Williams Correction of Avicenna

The great irony of William's use of Avicenna's principle that 'nature operates in the manner of a servant' is that William so often uses this expression in his De trinitate, De universo, and De anima to correct Avicenna. His corrections cover a wide variety of topics, including the free will of rational creatures, and arguments against necessary emanation and the eternality of the world.

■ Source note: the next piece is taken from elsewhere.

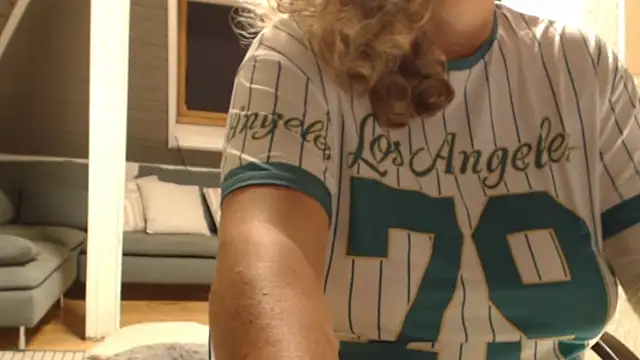 Snapshot of KimMitchelli chatting on 10/14/25, 06:09 KimMitchelli online show from 10/14/25, 06:09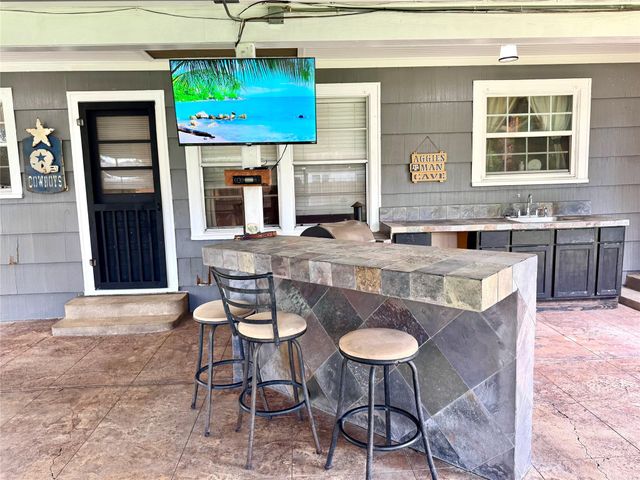 1203 Yupon Street, El Campo, TX 77437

William repeatedly uses Avicenna's nature/servant principle in De universo to correct several errors in Avicenna's description of the ten intelligences. For instance, although William praises the Aristotelians for teaching much of what is true about the intelligences, he wants to prove that the intelligences are not only prefect in their knowledge, as Avicenna knew, but that they also possess a perfect love. This perfection, however, is not absolute like God's perfection, but one which is "perfect in relation to the appropriateness of their level and rank" (William of Auvergne, Universe Ia-IIae.2; 141, Teske). William argues that either an intelligence loves its act of knowing or it does not. If it does, the intelligence receives delight in knowing and loves the one who gives it what it has received. Thus, William's point is proven, for if it is shown that an intelligence loves God, it would do so according to its natural perfection. However, if the intelligence does not love its own act of understanding then a contradiction follows, for it would then not make use of its knowledge for its own good, but would use its own thinking no differently than the sun sheds it rays or fire its heat, that is, "necessarily in the manner of a servant" (William of Auvergne, Universe Ia-IIae.2; 143, Teske). Yet, such a use of understanding is impossible, for as William notes one who understands does so for no one but himself.11 Since one disjunct is rejected, the other must remain: the intelligences must have a perfect knowledge and love.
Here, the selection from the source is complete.